The L family has been before the juvenile court in an action related to alleged abuse or negligence of their youngest two children for two years. At the juvenile court level, the judge had refused to order the children to attend a different school because he ruled that the parents have a constitutional right to homeschool. Juvenile court actions are “closed,” so the proceedings of that court were unknown to the public until last February 28, when the appellate court, Third District, issued a ruling on a writ that had been filed in the case. In that writ, the appellate court had been asked to order the L children to attend a school where they would be in regular contact with mandated child abuse reporters, so that the children’s safety could be monitored.
The appellate court responded to the writ with their now infamous ruling, in which they basically stated that homeschooling in California is illegal unless the parent has a valid California teaching credential. The appellate court later agreed to a rehearing on the matter, and that rehearing took place on June 23, 2008. The appellate court now has 90 days from June 23rd in which to issue its new ruling.
So what does yesterday’s decision in the juvenile court mean? First, it means that a motion can be made to the appellate court, asking them to drop the homeschool issue completely since the matter for the L family is now moot. Mootness results when a court’s decision will have no binding effect upon a party and here, the appellate court’s decision would have no effect on the L family since the juvenile court has terminated its jurisdiction.
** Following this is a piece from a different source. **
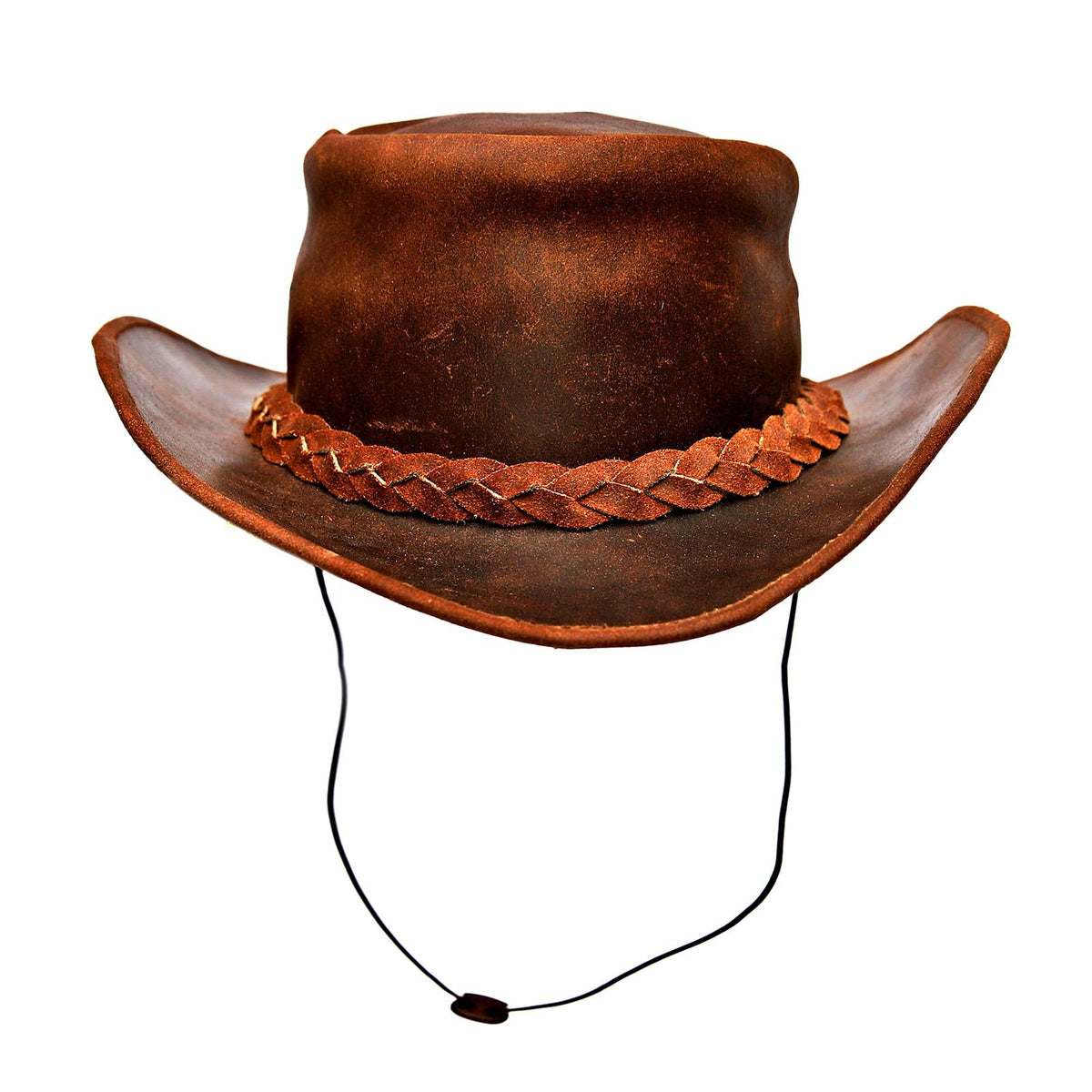 Distressed Brown Leather Outback Hat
However, it is important to understand that the appellate court can grant such a motion or deny it, choosing to issue a decision instead. The appellate court could do this, for example, if it wants to go on record regarding the legality of homeschooling.
Therefore, we ask that you join us first in giving thanksgiving to God for His mercy to the L family in yesterday’s tremendous victory. Second, we ask for you to join us in fervent prayer, asking for God to lead the appellate court to now drop the matter.
Regardless of how the court rules, we remain committed to monitoring this issue and keeping you updated. At this point no laws have changed regarding homeschooling and we continue to work to preserve our current level of freedom to homeschool.